Sudan's Salah Gosh says "SPLA knows very well where Kony is"
Sudan says Uganda LRA leader not in Darfur
(KHARTOUM) — The Sudanese government denied claims by the Sudan People Liberation Movement (SPLM) that the leader of Uganda Lord Resistance Army (LRA) Joseph Kony relocated to the western region of Darfur.
This week the SPLA spokesperson Kuol Deim Kuol said that Kony sneaked into Darfur coming from the Central African Republic (CAR) after the strikes made by Ugandan helicopters to his forces.
Kuol suggested that Kony is seeking protection from the Sudanese army and may be used to fight the Darfur rebels.

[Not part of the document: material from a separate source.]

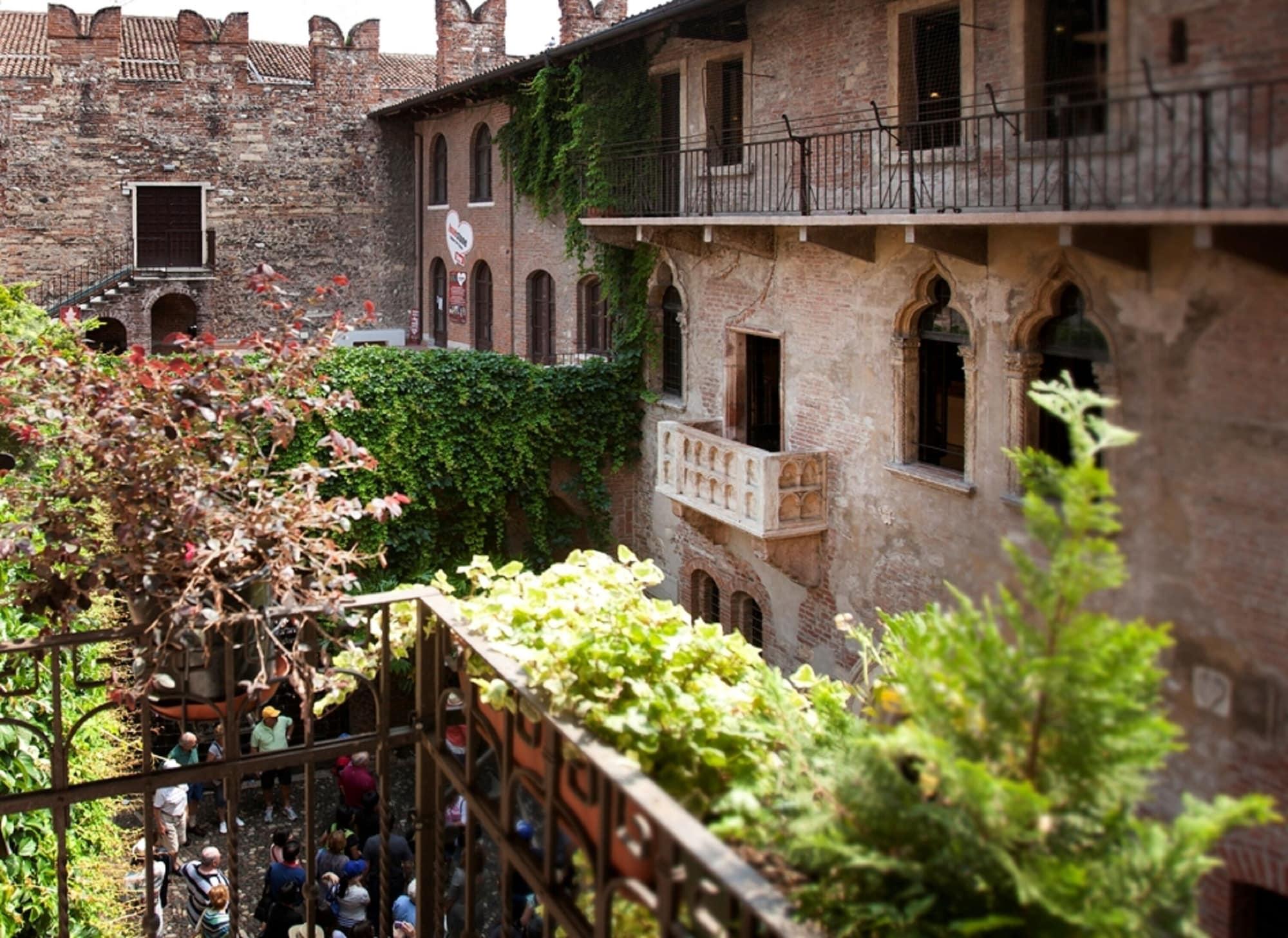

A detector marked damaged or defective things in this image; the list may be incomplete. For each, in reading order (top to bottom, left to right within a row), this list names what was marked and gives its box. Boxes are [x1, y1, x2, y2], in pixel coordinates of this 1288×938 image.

rusted iron gate [0, 590, 804, 932]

Salah Gosh, the adviser to the Sudanese president and former director of the National Intelligence and Security Services (NISS) said that the SPLA claim is untrue.
He said that the SPLA is resorting to “fabrications” and “political maneuvers” to “distort the image of the Sudanese army”.

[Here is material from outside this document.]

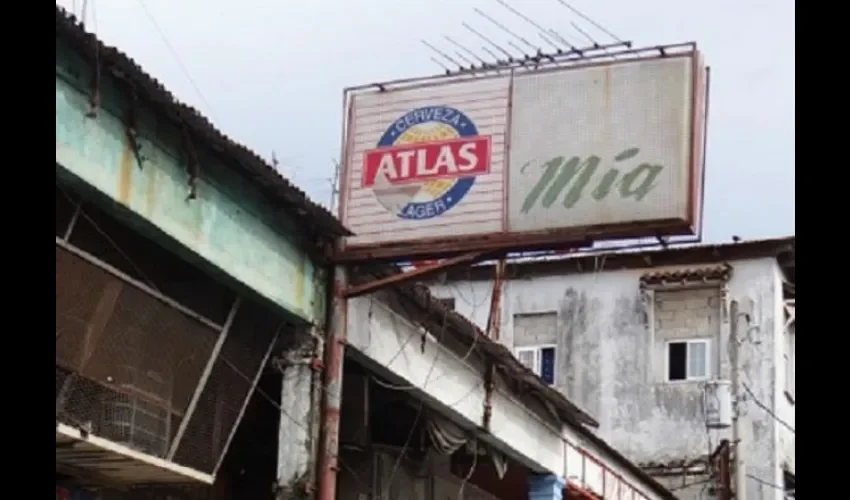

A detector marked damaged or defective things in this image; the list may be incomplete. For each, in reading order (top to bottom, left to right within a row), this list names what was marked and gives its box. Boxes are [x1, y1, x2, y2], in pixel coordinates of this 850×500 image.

peeling paint wall [53, 43, 324, 324]
rusty roof edge [53, 6, 352, 241]
rusted metal pole [316, 268, 346, 500]
peeling paint wall [430, 258, 788, 500]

“The SPLA knows very well where Kony is,” Gosh said.
Since the 90’s Khartoum reportedly armed, trained and gave military intelligence to the LRA to help it take on the Ugandan government and fight a proxy war against the SPLA.
Kony, in a video-taped meeting in 2005, described it as a mutually beneficial arrangement where “we helped the Arabs to fight their war in the south while they helped us to fight [Ugandan president] Musievini’s government”.
The LRA leader is wanted by the International Criminal Court (ICC) and a number of his commanders for crimes allegedly committed against civilians in North Uganda.
From September to March this year, the Ugandan and Congolese armies, with support from southern Sudan, carried out a massive offensive that failed to either capture Kony or neutralize his group.
Since then, peace talks have ground to a halt and LRA fighters have stepped up their attacks on civilians, in particular in eastern Central African Republic.